(Collected data entries)
—————

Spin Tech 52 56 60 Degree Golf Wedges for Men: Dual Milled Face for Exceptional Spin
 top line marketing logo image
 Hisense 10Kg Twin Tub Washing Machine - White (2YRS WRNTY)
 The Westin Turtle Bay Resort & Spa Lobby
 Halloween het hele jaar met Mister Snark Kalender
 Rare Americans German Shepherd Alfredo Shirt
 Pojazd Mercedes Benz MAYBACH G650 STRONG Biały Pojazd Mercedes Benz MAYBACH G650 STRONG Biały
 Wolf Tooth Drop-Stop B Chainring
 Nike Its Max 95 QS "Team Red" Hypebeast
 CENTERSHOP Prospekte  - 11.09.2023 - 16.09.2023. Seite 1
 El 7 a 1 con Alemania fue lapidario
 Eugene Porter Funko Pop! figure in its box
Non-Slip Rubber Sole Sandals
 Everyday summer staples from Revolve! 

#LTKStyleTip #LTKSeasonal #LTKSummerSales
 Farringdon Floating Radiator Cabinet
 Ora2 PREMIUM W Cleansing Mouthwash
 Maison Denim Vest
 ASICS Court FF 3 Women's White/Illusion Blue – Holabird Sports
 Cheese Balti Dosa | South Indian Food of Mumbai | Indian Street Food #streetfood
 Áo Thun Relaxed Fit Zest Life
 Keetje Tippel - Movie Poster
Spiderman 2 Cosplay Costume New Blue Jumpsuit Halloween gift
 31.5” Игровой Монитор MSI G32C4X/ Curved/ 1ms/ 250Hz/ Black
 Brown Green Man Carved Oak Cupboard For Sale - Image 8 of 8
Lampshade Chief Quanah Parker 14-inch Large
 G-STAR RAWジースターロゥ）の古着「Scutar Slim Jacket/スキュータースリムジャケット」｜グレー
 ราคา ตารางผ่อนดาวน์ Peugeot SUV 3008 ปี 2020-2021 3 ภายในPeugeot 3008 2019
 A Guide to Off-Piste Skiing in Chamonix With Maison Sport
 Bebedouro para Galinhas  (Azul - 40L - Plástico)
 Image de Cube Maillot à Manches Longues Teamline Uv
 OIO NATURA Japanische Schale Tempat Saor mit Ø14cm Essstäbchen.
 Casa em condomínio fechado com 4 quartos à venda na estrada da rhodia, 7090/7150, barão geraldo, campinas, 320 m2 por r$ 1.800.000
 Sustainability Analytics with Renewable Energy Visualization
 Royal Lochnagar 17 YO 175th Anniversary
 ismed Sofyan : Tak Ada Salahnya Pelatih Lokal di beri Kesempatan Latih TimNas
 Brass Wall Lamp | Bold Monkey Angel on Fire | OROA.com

—————

§ The problem:
Your task is to restate, word for word, the lines from the beginning of the records to the line with "Casa em condomínio", inclusive.

§ Solution for this task:
Spin Tech 52 56 60 Degree Golf Wedges for Men: Dual Milled Face for Exceptional Spin
 top line marketing logo image
 Hisense 10Kg Twin Tub Washing Machine - White (2YRS WRNTY)
 The Westin Turtle Bay Resort & Spa Lobby
 Halloween het hele jaar met Mister Snark Kalender
 Rare Americans German Shepherd Alfredo Shirt
 Pojazd Mercedes Benz MAYBACH G650 STRONG Biały Pojazd Mercedes Benz MAYBACH G650 STRONG Biały
 Wolf Tooth Drop-Stop B Chainring
 Nike Its Max 95 QS "Team Red" Hypebeast
 CENTERSHOP Prospekte  - 11.09.2023 - 16.09.2023. Seite 1
 El 7 a 1 con Alemania fue lapidario
 Eugene Porter Funko Pop! figure in its box
Non-Slip Rubber Sole Sandals
 Everyday summer staples from Revolve! 

#LTKStyleTip #LTKSeasonal #LTKSummerSales
 Farringdon Floating Radiator Cabinet
 Ora2 PREMIUM W Cleansing Mouthwash
 Maison Denim Vest
 ASICS Court FF 3 Women's White/Illusion Blue – Holabird Sports
 Cheese Balti Dosa | South Indian Food of Mumbai | Indian Street Food #streetfood
 Áo Thun Relaxed Fit Zest Life
 Keetje Tippel - Movie Poster
Spiderman 2 Cosplay Costume New Blue Jumpsuit Halloween gift
 31.5” Игровой Монитор MSI G32C4X/ Curved/ 1ms/ 250Hz/ Black
 Brown Green Man Carved Oak Cupboard For Sale - Image 8 of 8
Lampshade Chief Quanah Parker 14-inch Large
 G-STAR RAWジースターロゥ）の古着「Scutar Slim Jacket/スキュータースリムジャケット」｜グレー
 ราคา ตารางผ่อนดาวน์ Peugeot SUV 3008 ปี 2020-2021 3 ภายในPeugeot 3008 2019
 A Guide to Off-Piste Skiing in Chamonix With Maison Sport
 Bebedouro para Galinhas  (Azul - 40L - Plástico)
 Image de Cube Maillot à Manches Longues Teamline Uv
 OIO NATURA Japanische Schale Tempat Saor mit Ø14cm Essstäbchen.
 Casa em condomínio fechado com 4 quartos à venda na estrada da rhodia, 7090/7150, barão geraldo, campinas, 320 m2 por r$ 1.800.000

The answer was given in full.